After a decade as a successful freelance operatic baritone that took him across the country performing lead roles in many opera houses, alumnus Jared Guest forges forward with a garnered passion in arts administration. While his future shines brightly before him, he has fond memories of the culture at the Moores School of Music (MSM) where he studied voice and opera performance.
“My strongest memory of my time at the Moores School of Music is the supportive and friendly atmosphere they foster. Unlike many schools of music, Moores cares more about their students than any one person’s ego and notoriety. Their sole focus is your development and your future as an artist. I was lucky to attend such a welcoming and encouraging institution and I would not have had one ounce of the success I have enjoyed without my time there.”
Learn more about Guest’s varied career in the arts and how he got there in the Q&A below!
Where has your music career taken you since graduation?
After graduation, I immediately moved to Denver, Colorado to be a young artist with Opera Colorado from 2012 – 2014. During that time, I also participated in summer training programs like Opera in the Ozarks and Chautauqua Opera Company. Upon completion of Opera Colorado’s Young Artist Program, I moved my home base to New York City where I was able to freely travel across the country launching a regional opera career while gaining notice in the New York City opera scene. This took me to various performance opportunities in California, Texas, North Carolina, Florida, Colorado, Connecticut, New York State, New Jersey, Washington State and many more. In 2019, I decided to make a concerted shift in my career towards opera administration and accepted a position with Opera Colorado as the manager of education and community engagement and the manager of the Artist in Residence Program. I find it serendipitous to wind up where my performance career began.
Is there one thing that has surprised you about a career in the arts that you didn’t expect?

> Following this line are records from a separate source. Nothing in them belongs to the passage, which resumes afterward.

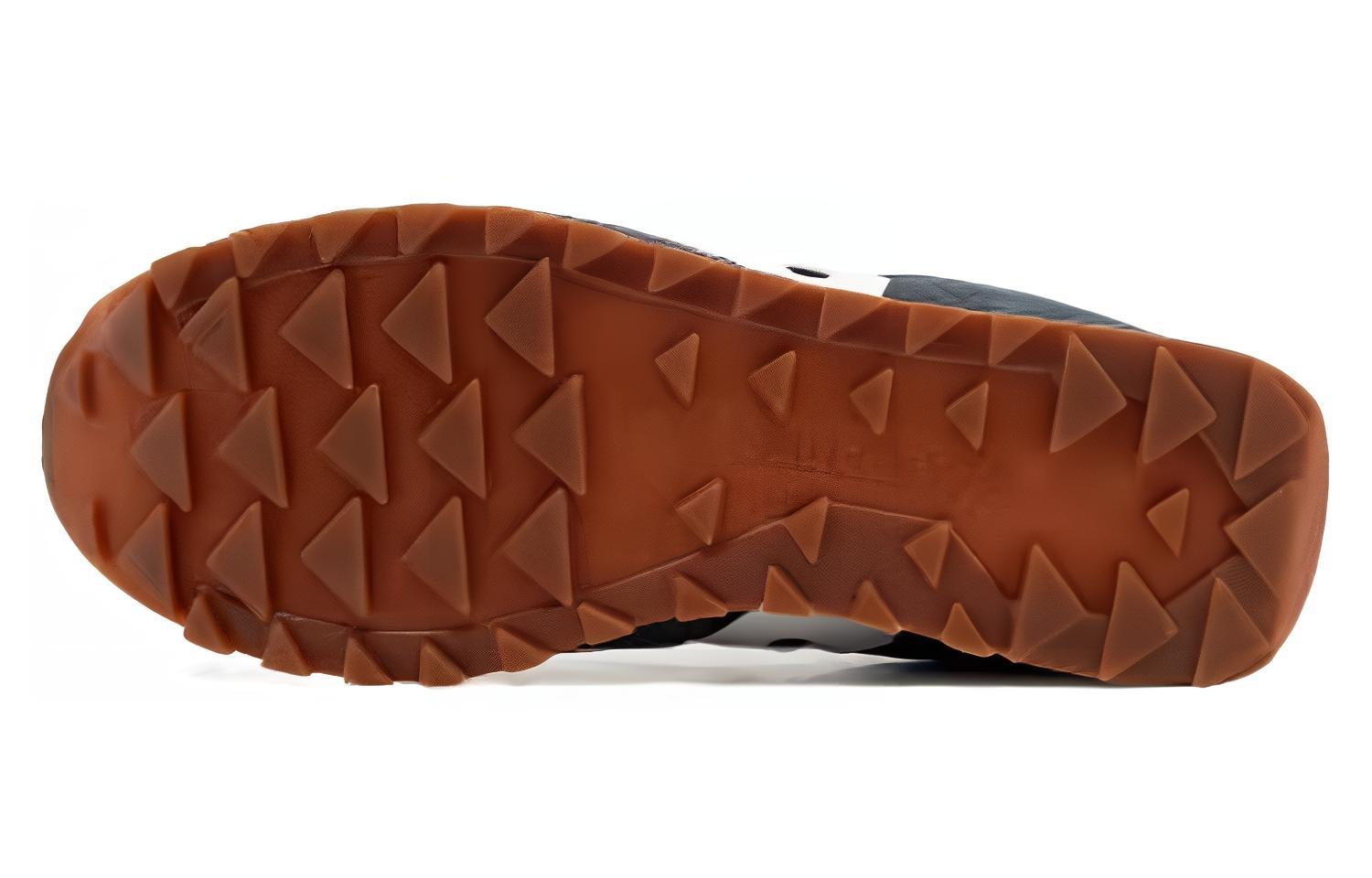 Shop Saucony Jazz 81 防滑耐磨低幫跑步鞋 男女同款 黑灰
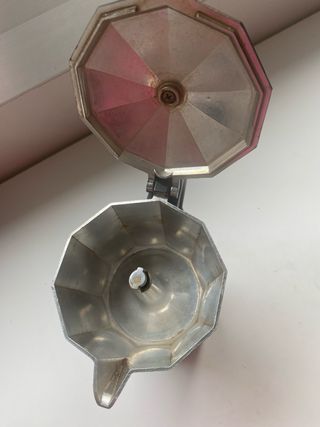 Cafetera italiana negra pequeña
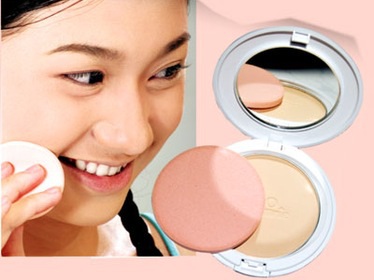 Đừng để hộp trang điểm chứa đầy “thuốc độc”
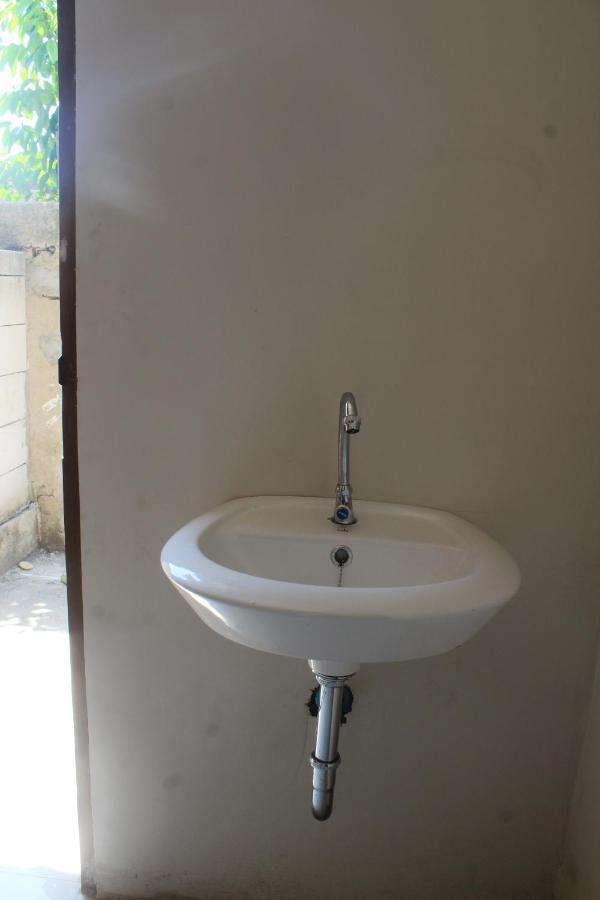 Wl Guesthouse Labuan Bajo Exterior foto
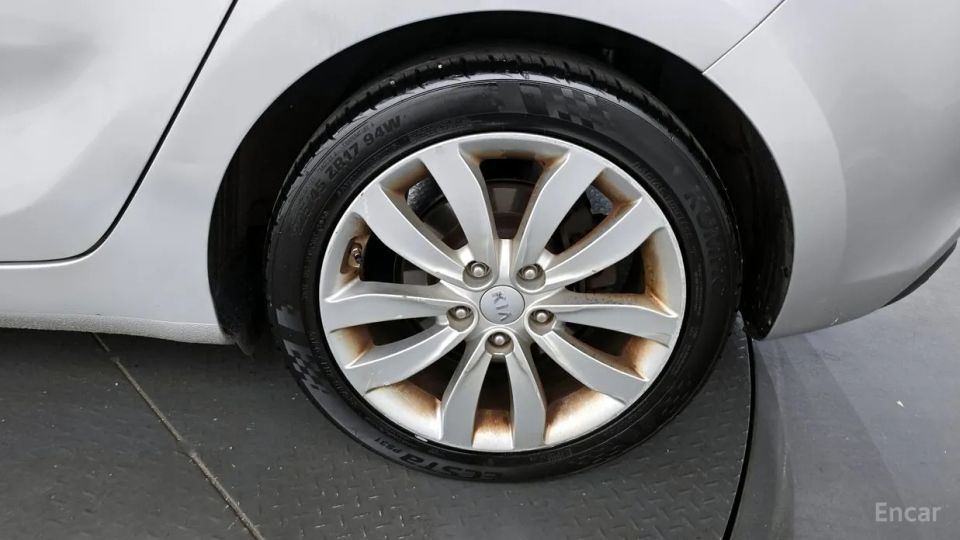Kia Carens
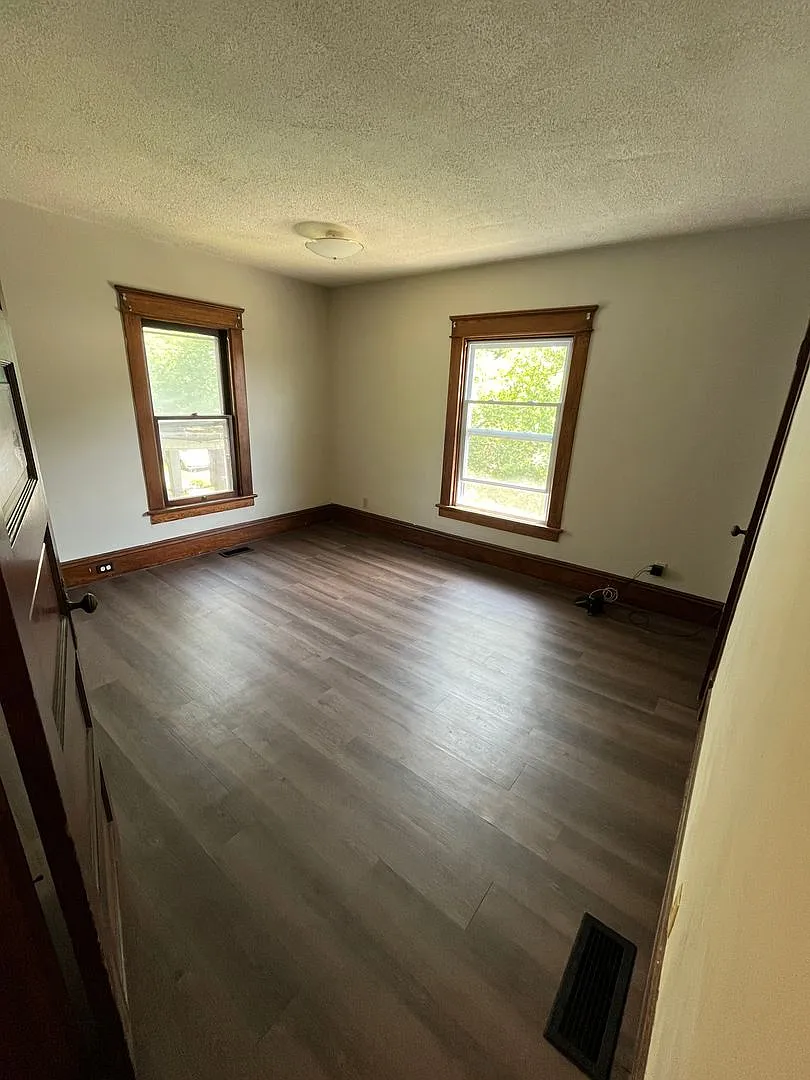 549 Pine Street — Photo 1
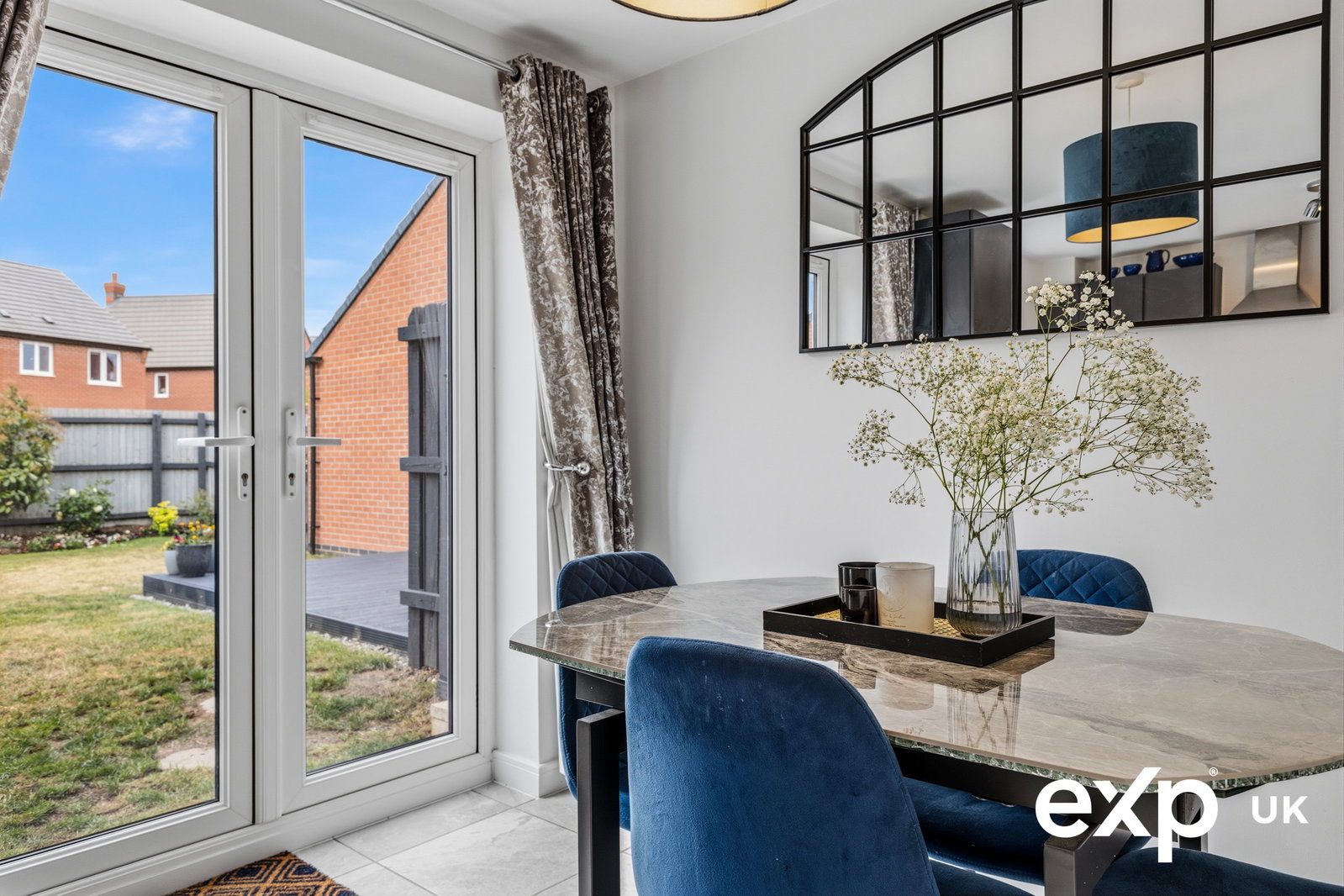 Semi Detached House in Newark 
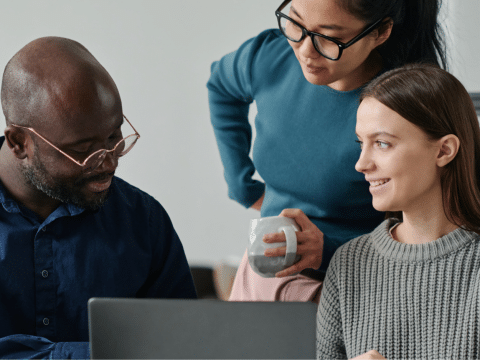 Sociabble-dos-donts-data-analytics-employee-engagement-header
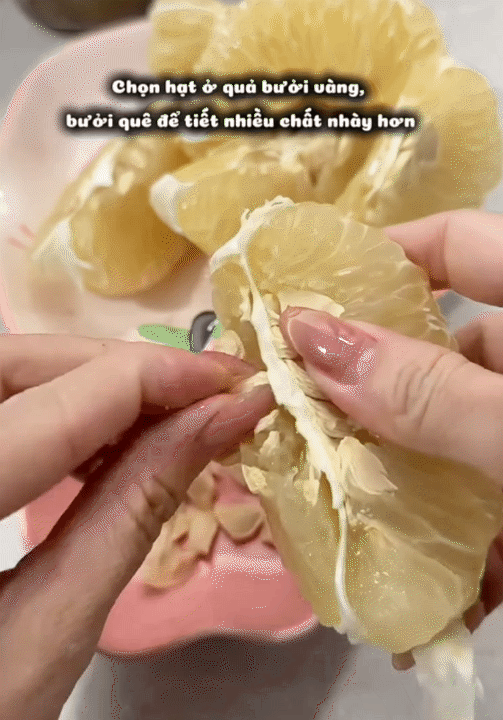 Giáp Tết nhà la liệt bưởi, tận dụng hạt bưởi để ủ tóc: Kết quả là tóc bồng bềnh thơm mượt cực đỉnh- Ảnh 10.
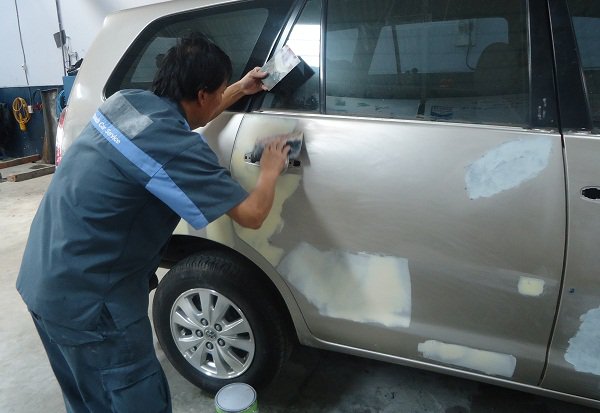 Khi sơn vỏ xe ô tô bị trầy xước nhiều, sâu, bạc màu hoặc loang lổ thì bạn nên sơn lại toàn bộ.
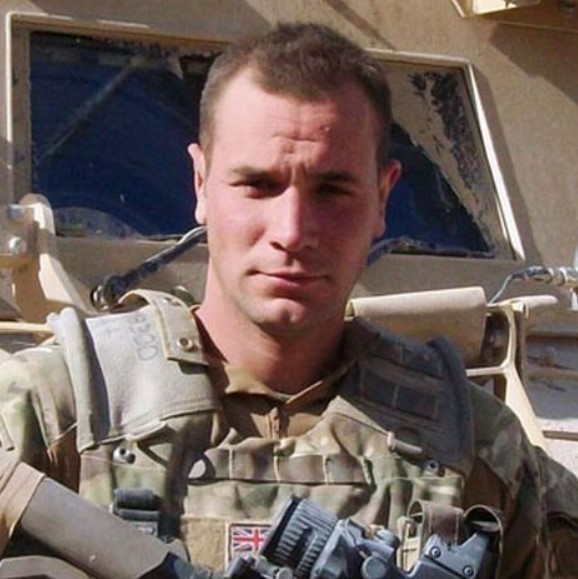 Christian Smelling author - expert of tactical flashlight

One thing that surprised me, and something that I cherish about the business to this day, is the relationships you form with your fellow singers/performers/production staff. The gypsy life can be lonely and difficult at times, but the fabulous colleagues and humans you get to share your job and your life with are what make it all worth it. Singers truly are their own breed and some of the closest friends I have to this day are singers with whom I spent a few short weeks.
What accomplishments in your career do you feel most proud of?
In the summer of 2017 I became the co-founder and director of Musical Studies Summer Vocal Arts Camp on Long Island to bring opera and musical theater to the local youth. Through music theory, yoga, voice training, masterclasses with industry professionals and performance, the student were able to learn, grow and explore in ways they had no access to previously. I am immensely proud of this work and it is was initially sparked my interest in teaching and administration.
Are there specific skills or things you learned at the Moores School of Music that you find valuable in your career now? What are they?
One of the most valuable skills I learned from my time at the Moores Opera Center was how to speak to patrons and audience members and the importance of giving of my time and energy in this way. Opera in this country is largely supported by private donation and knowing the value of face time after a performance prepared me for actual career situations where my position and future work relied upon it. The Moores Opera Center Director Buck Ross insisted all the performers go out and meet the audience after every performance, and I thank him to this day for those and the many other skills he imparted.
What is coming up for you in the future that we should watch for?
As the manager of education and community engagement, I will help design new and interesting programming to serve the Denver Metro and the broader Colorado areas.